* **TASK**
Transcribe every line of the material below without change, apart from dropping the pictures.

* **RECORD EXTRACTS**
* * *

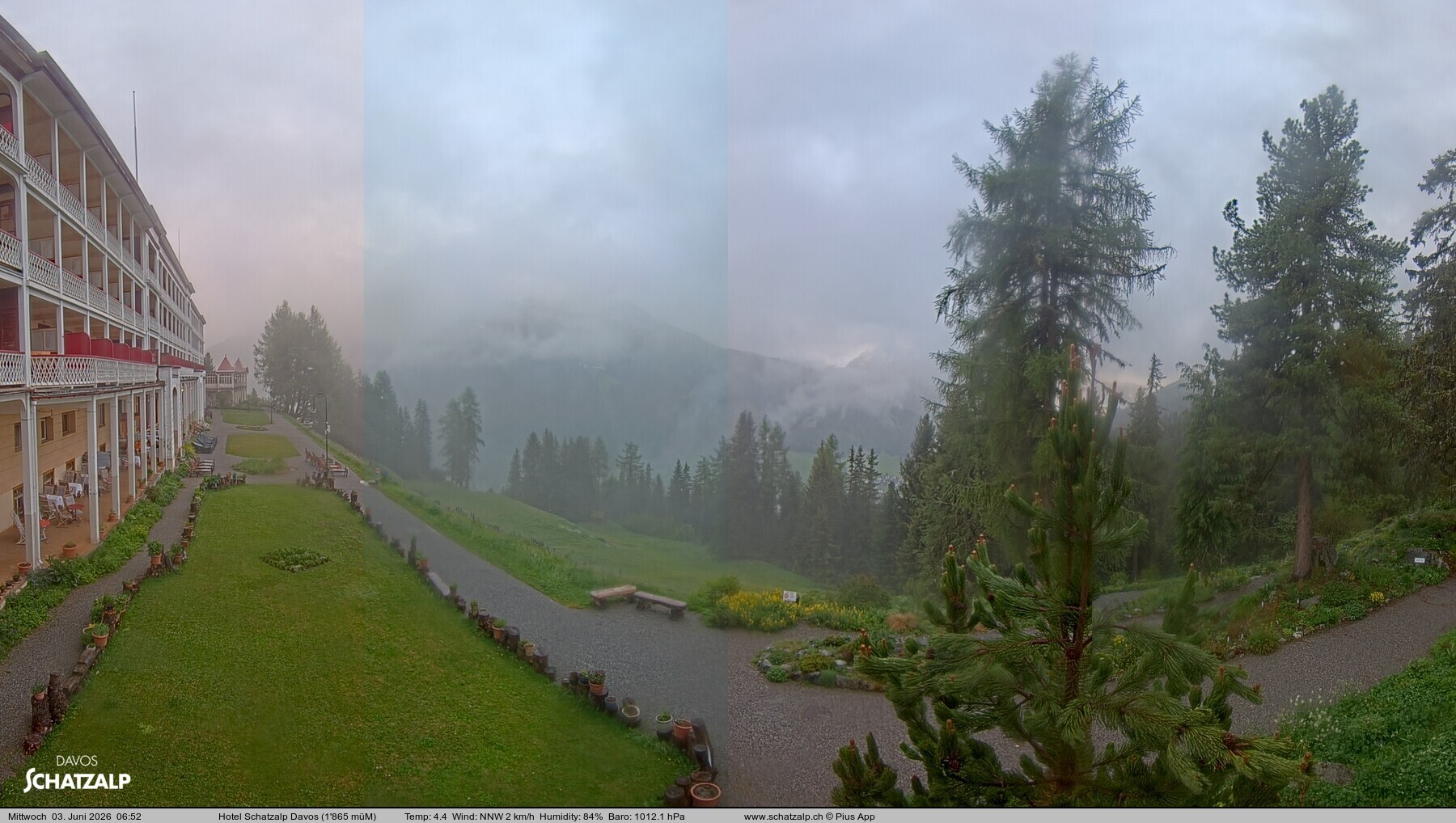Archiv Foto Webcam Hotel Schatzalp, Davos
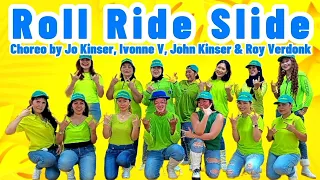 ROLL RIDE SLIDE |Line Dance | Choreo by ROY, JOHN, JO & IVONNE | Demo by BINA PRATAMA LD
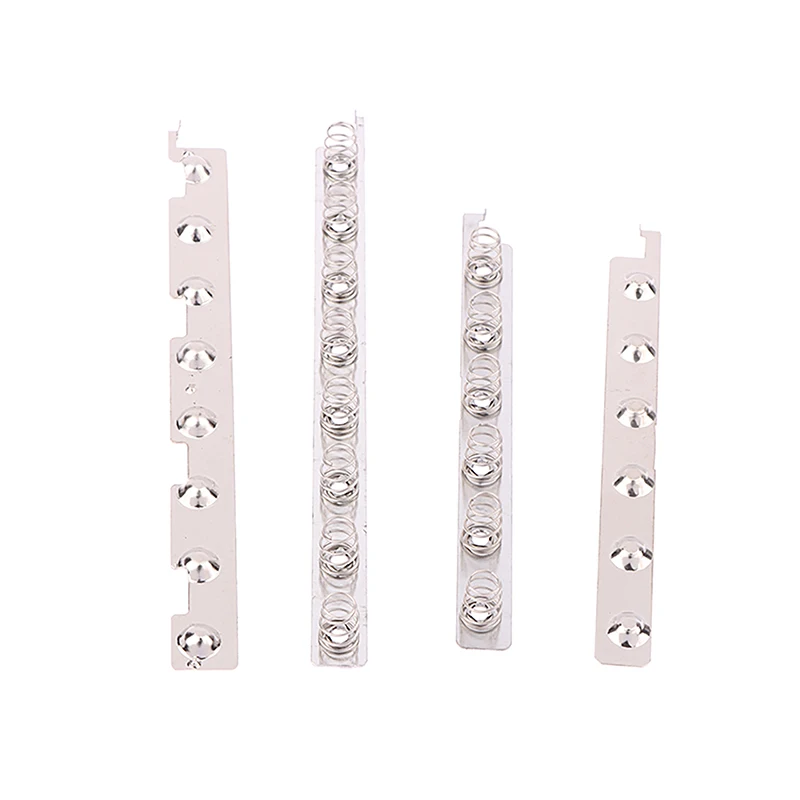 2Pcs DIY 18650 Battery Spring steel Mobile Power Connection Nickel-plated Charging Solderless Positive And Negative Spring Parts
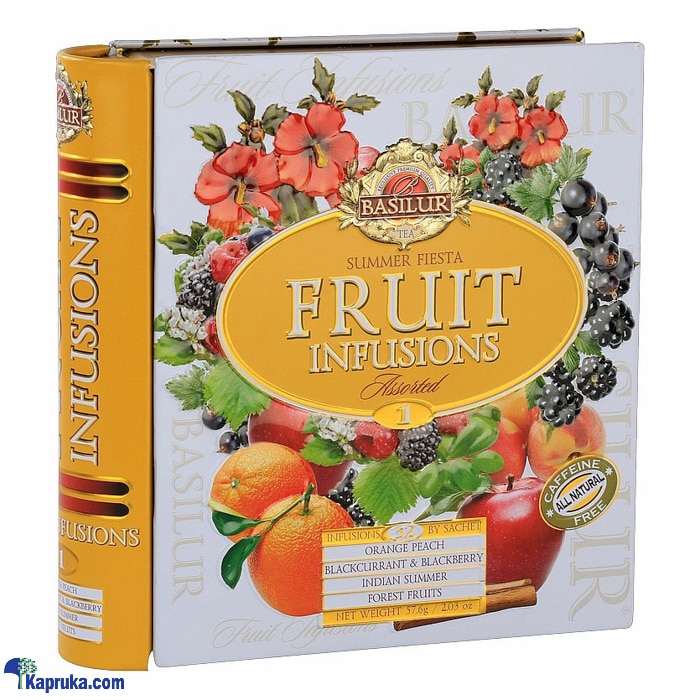 BASILUR TEA BOOK - T.CADDY- FOIL ENV - FRUIT INFUSIONS - SUMMER FIESTA - 1.8G X 32 EN Online at Kapruka | Product# grocery002725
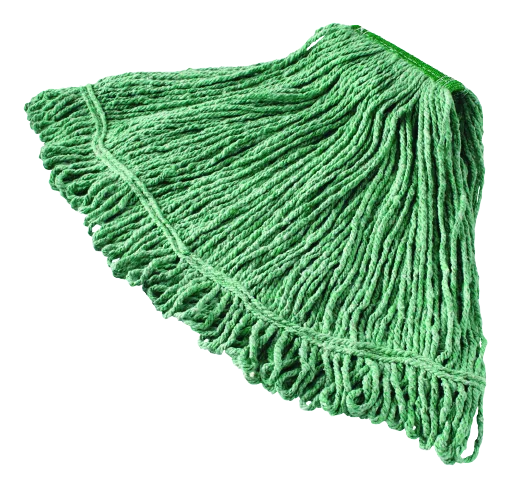 Rubbermaid 570ml Superstich? Blend Wet Mop, 2.5cm Headband - Green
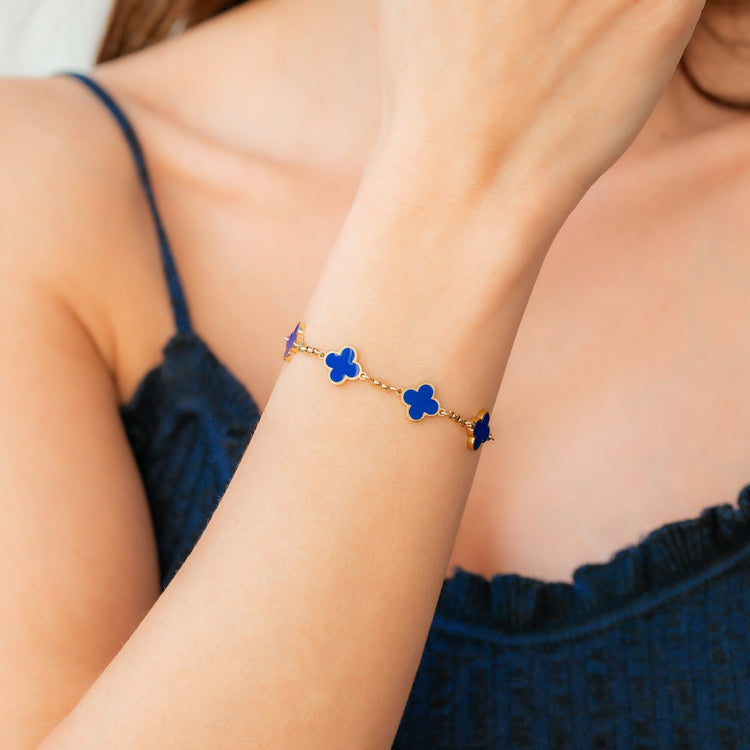 Clover Enamel Bracelet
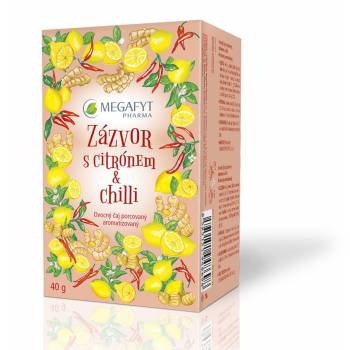 Megafyt Ginger with lemon and chilli fruit tea bags 20x2 g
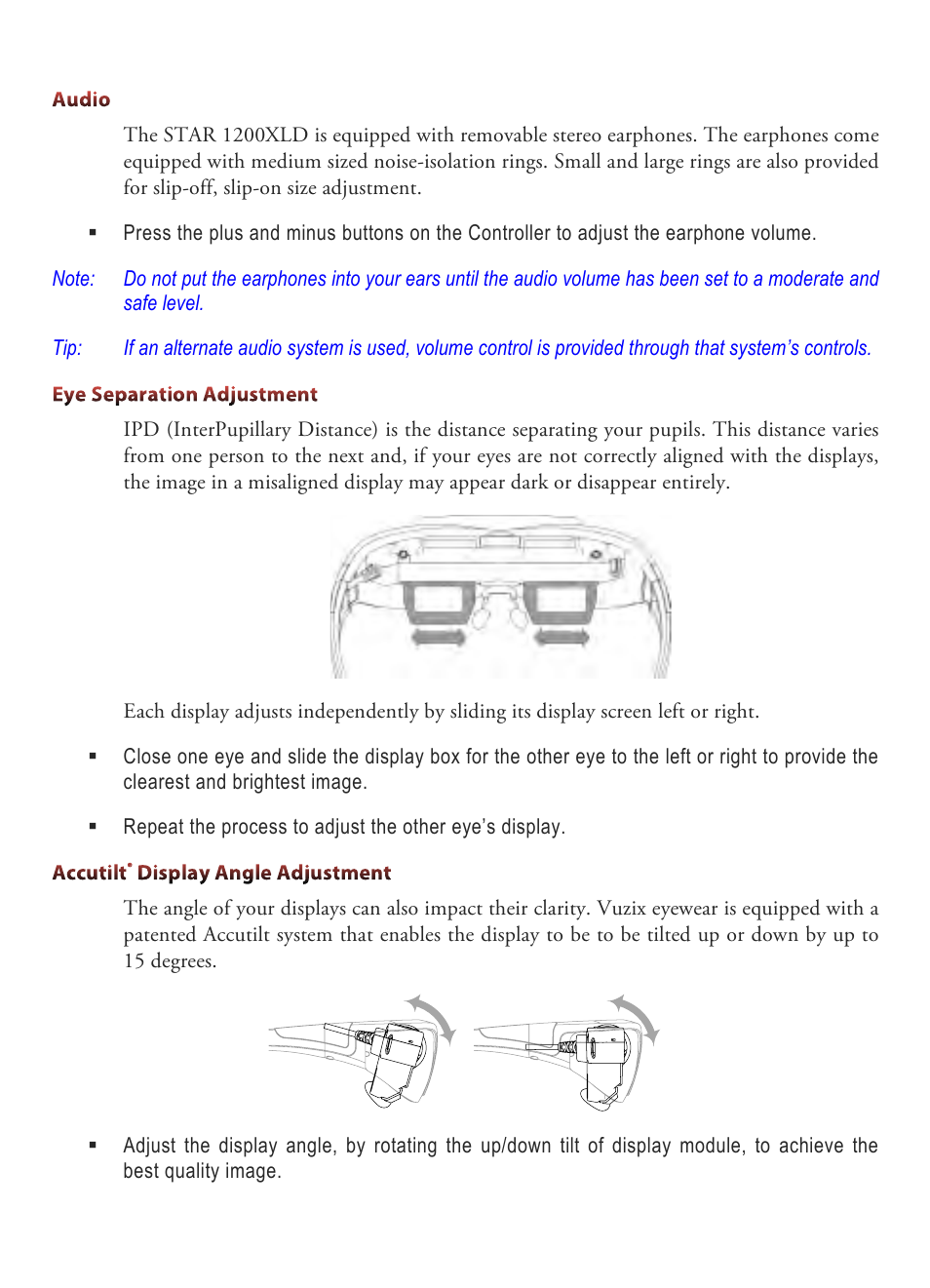 Vuzix STAR 1200XLD AR System User Guide User Manual | Page 16 / 43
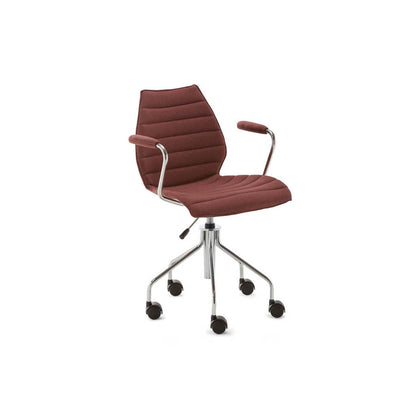 Maui Soft Noma Upholstered Office Armchair by Kartell - Additional Image 9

* * *

* **YOUR SOLUTION**
Archiv Foto Webcam Hotel Schatzalp, Davos
 ROLL RIDE SLIDE |Line Dance | Choreo by ROY, JOHN, JO & IVONNE | Demo by BINA PRATAMA LD
 2Pcs DIY 18650 Battery Spring steel Mobile Power Connection Nickel-plated Charging Solderless Positive And Negative Spring Parts
 BASILUR TEA BOOK - T.CADDY- FOIL ENV - FRUIT INFUSIONS - SUMMER FIESTA - 1.8G X 32 EN Online at Kapruka | Product# grocery002725
 Rubbermaid 570ml Superstich? Blend Wet Mop, 2.5cm Headband - Green
 Clover Enamel Bracelet
 Megafyt Ginger with lemon and chilli fruit tea bags 20x2 g
 Vuzix STAR 1200XLD AR System User Guide User Manual | Page 16 / 43
 Maui Soft Noma Upholstered Office Armchair by Kartell - Additional Image 9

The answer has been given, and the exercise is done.